[LUM#22] Natural Creativity
Can artificial intelligence be creative? For researcher Charles Lecellier and photographer Harald Schmidt, while AI can be surprising, human creativity is irreplaceable.

Combining statistical learning and molecular biology to better understand genome regulation is the goal of Charles Lecellier, a researcher at the Institute of Molecular Genetics in Montpellier and the Laboratory of Computer Science, Robotics, and Microelectronics in Montpellier. " As part of our awareness-raising efforts, we wanted to illustrate the idea that machine learning algorithms are currently limited by training data," the researcher points out.
Charles Lecellier then called on Harald Schmidt, a scientist and photographer with a keen interest in artificial intelligence. "In my photographic work, in addition to film and digital photography, I use generative computing, mainly as an abstraction assistant."

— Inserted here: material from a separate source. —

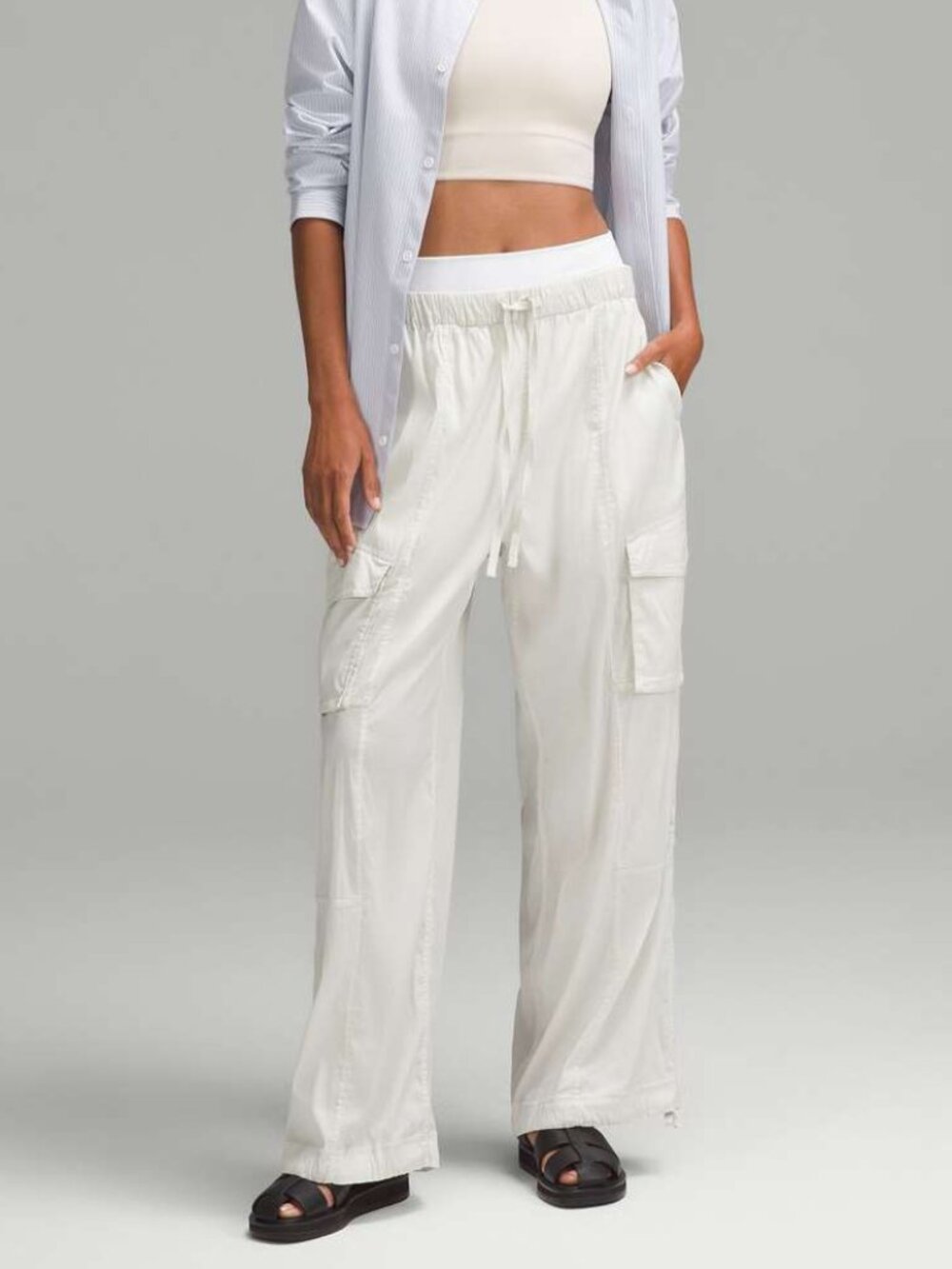 Lululemon Lightweight Adjustable Mid-Rise Cargo Pant in Bone - Size XXS / 2-4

With the advent of generative AI in 2022, Harald Schmidt discovered "a new and fascinating technology for creating photographic abstractions." This technology in no way replaces the photographer: "Most of the work in which I have applied generative computing began with an actual photographic act, taken with a digital camera or using analog techniques, to create assemblages, compositions, and mosaics."
The researcher and photographer emphasize that AI works on images generated by humans and does not directly implement a creative process. "AI is just a reproduction of the average of what it has learned. You can't tell it to be creative; you have to give it clues. But it still creates some pretty surprising things,"says the photographer. "The overall idea is that artificial intelligence does not create, it just gives us what we ask it to give us, but human creativity remains essential and irreplaceable,"concludes Charles Lecellier.
Mixed media images resulting from experimentation with the application of generative computing techniques to real photographic works as an aid to abstraction.
The colorful background images are artistic interpretations of the titles of scientific publications by Charles Lecellier and his team, created with the support of generative computing techniques.